Cosi la storia parte con Lisa, ragazza di New York, adolescente agiata, la quale ha tutto a disposizione: frequenta una suola privata, la madre fa l'attrice a Broadway ed e' concentrata sul suo lavoro e nel tentativo di ricostruirsi una vita sentimentale; mentre il padre e' un affermato sceneggiatore che vive nella Baia (Bay-Los Angeles) e la stessa che affronta i classici problemi legati all'adolescenza. Finche' un pomeriggio si fissa con l'idea di comprare un cappelo da cowboy: girera' vari negozi ma poi notera' un autista di un autobus con un cappelo da cowboy che le piace e tentera' di instaurare un dialogo, lei dalla strada, lui mentre cerca di svincolarsi dal traffico pesante della metropoli, sull' autobus. E mentre i due continuano a gesticolare imcomprensibilmente, l'autista non fa in tempo a fermarsi al semaforo rosso investendo una passante che morira' pochi minuti dopo tra le mani di Lisa e sotto gli sguardi impietriti di altri passanti.
Da quel momento iniziera' il lungo percorso di Lisa attraverso sensi di colpa, sbalzi di umore e crisi adolescenziali. Il tutto ha come unico fine quello di riconciliarsi con se stessa ed alleviare i sensi di colpa, ritenendosi diretta responsabile per aver causato un incidente che e' costato la vita ad una donna innocente.
Lisa si allontanera' dalla madre e dal fratello, e succesivamente trascurera' anche dalla scuola, dedicandosi unicamente alla ricerca di un modo per mettere in pace la sua coscienza, mentre tentera' di conciliare il bisogno di restare una adolescente (specialmente in una fase cosi delicata) e quindi, il bisogno di essere ricoperta di attenzioni e comprensioni (e forse anche giustificazioni), con la dura realta' che le fa' assaporare in prima persona le difficolta' del passaggio alla maturita', l'affrontare le proprie responsabilita' e le conseguenze delle proprie azioni.
E dopo sentirsi ulteriormente colpevole per aver dato una testimonianza falsa alla polizia sull'accaduto, Lisa si mette in contatto con Emily, la migliore amica di Monica, la donna tragicamente morta nell'incidente. Con lei, dopo averle spiegato il perche' si sente cosi terribilmente legata e implicata nella questione, decidono di fare causa all'agenzia di autobus per ottenere un risarcimento (a favore dell'unica parente della vittima) e il licenziamento dello stesso autista, diretto colpevole dell'aver causato la tragedia.

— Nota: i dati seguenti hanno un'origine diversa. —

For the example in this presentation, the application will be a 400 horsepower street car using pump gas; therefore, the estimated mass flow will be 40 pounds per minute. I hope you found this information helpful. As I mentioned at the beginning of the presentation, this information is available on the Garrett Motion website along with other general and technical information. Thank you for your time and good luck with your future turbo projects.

Certamente le intezioni di Lonergan sono meritevoli: in un contesto metropolotano chaotico vuole mettere in scena ed evidenziare l'enorme contrasto tra la ricerca di contatti umani e comprensione, specialmente da parte degli adolescenti, con la freddezza e indifferenza, la alienazione che regna in una citta' chaotica e impersonale come New York.
Lisa rappresenta esattamente il contrasto tra la fine improvvisa della adolescenza e l'immersione nel mondo degli adulti, della maturita' e della responsabilita' delle proprie azioni.

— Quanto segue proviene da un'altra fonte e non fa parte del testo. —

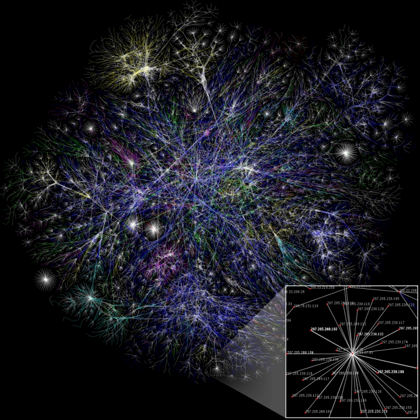A network is named scale-free if its degree distribution, i.e., the probability that a node selected uniformly at random has a certain number of links or degree, follows a particular mathematical function called a power law. The power law implies that the degree distribution of these networks has no characteristic scale.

Un percorso difficile, che viene segnato da diversi contrasti e diverbi, crisi isteriche, allontanamento dalla famiglia stessa ma che porteranno alla fine la protagonista, alla conquista della consapevolezza di se stessa, al riconciliamento con la propria madre e (probabilmente) al perdono di se stessa.

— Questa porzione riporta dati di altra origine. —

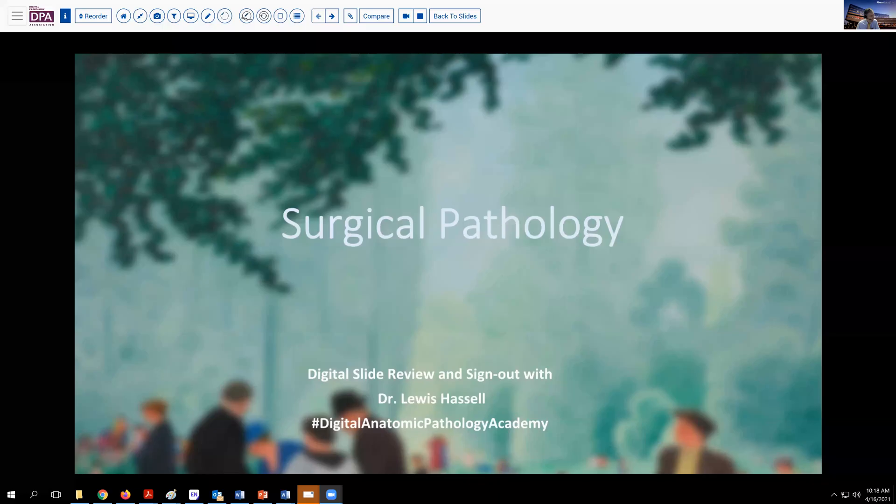Hello, and welcome to another digital surgical pathology sign out. I'm Dr. Lewis Hassel coming to you from the University of Oklahoma Health Sciences Center, and our program is part of the Digital Anatomic Pathology Academy.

Purtroppo, anche se l'idea -seppur non originale- o innovativa e' certamente funzionante, la pellicola perde molto nella sua eccessiva lunghezza e nel ritmo decisamente lento con il quale viene raccontata la storia.
In piu', Lonergan non riesce a far emergere un profilo psicologico incisivo dai suoi protagonisti, risultando cosi un po' superficiale nel modo che affronta le emozioni e i pensieri piu' intimi dei personaggi che ruotano attorno a Lisa.
Ma dalla pellicola non manca nemmeno la critica, aspra e inequivocabile, ad una nazione (gli USA) i quali, come Lisa, devono fare i conti con le conseguenze delle proprie azioni e assumersi le proprie responsabilita': memorabili sono le scene di dibattito in classe, in merito alla politica guerrafondaia degli Usa e dove stereotipi razzisti vengono fatti emergere dai vari componenti della classe.
Scene, e spunti riflettivi, che nonostante tutto danno l'impressione di non legarsi propriamente con il resto della storia che viene raccontata.
In definitiva, "Margaret", contiene troppe idee e spunti di riflessione interessanti (e attuali) i quali pero' non vengono sfruttati adeguatamente e non vengono amalgamati correttamente nella pellicola che risulta cosi' abbastanza confusa e costruita nel cercare di conciliare troppe idee in un unico prodotto cinematografico, tali: la solitudine e alienazione vissuta nelle metropoli (la figura della madre di Lisa), il rapporto di incomunicabilita' tra genitori e figli, il brusco passaggio dall'adolescenza alla maturita', i sensi di colpa e il percorso verso l'espiazione. Il tutto sullo sfondo di una nazione profondamente divisa e ferita' che deve ancora assumersi le proprie responsabilita' e riconoscere (come Lisa) le proprie colpe.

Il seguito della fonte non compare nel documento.